PROVIDED DATA:
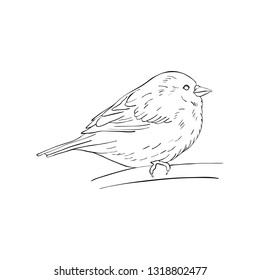 Vector line drawing bird sitting at tree branch, sketch of sparrow, hand drawn songbird, isolated nature design element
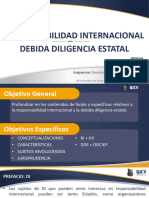 Documento 04. Responsabilidad Internacionales Debida Diligencia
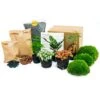 5 Terrarium Plants - Plant Terrarium Refill & Starter Kit - 5 Terrarium Plants - DIY -Optimal Glass Plant Shop plant terrarium package calathealancifolia bonsai asparagus b5dea623 2744 4a24 bb46 0c7426da74f1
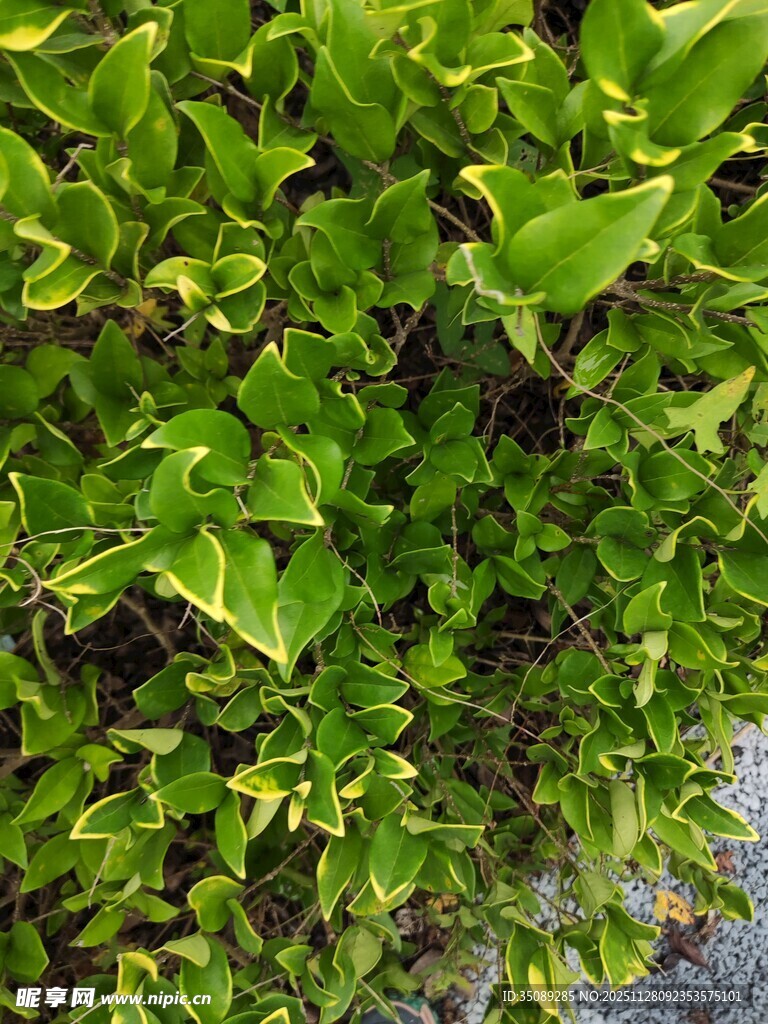 翠绿斑斓的观叶植物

TASK OBJECTIVE: Nothing should appear in the answer except the lines from the one containing "5 Terrarium Plants - Plant" through the last line of the listing, given again exactly and with no pictures.

REPLY:
 5 Terrarium Plants - Plant Terrarium Refill & Starter Kit - 5 Terrarium Plants - DIY -Optimal Glass Plant Shop plant terrarium package calathealancifolia bonsai asparagus b5dea623 2744 4a24 bb46 0c7426da74f1
 翠绿斑斓的观叶植物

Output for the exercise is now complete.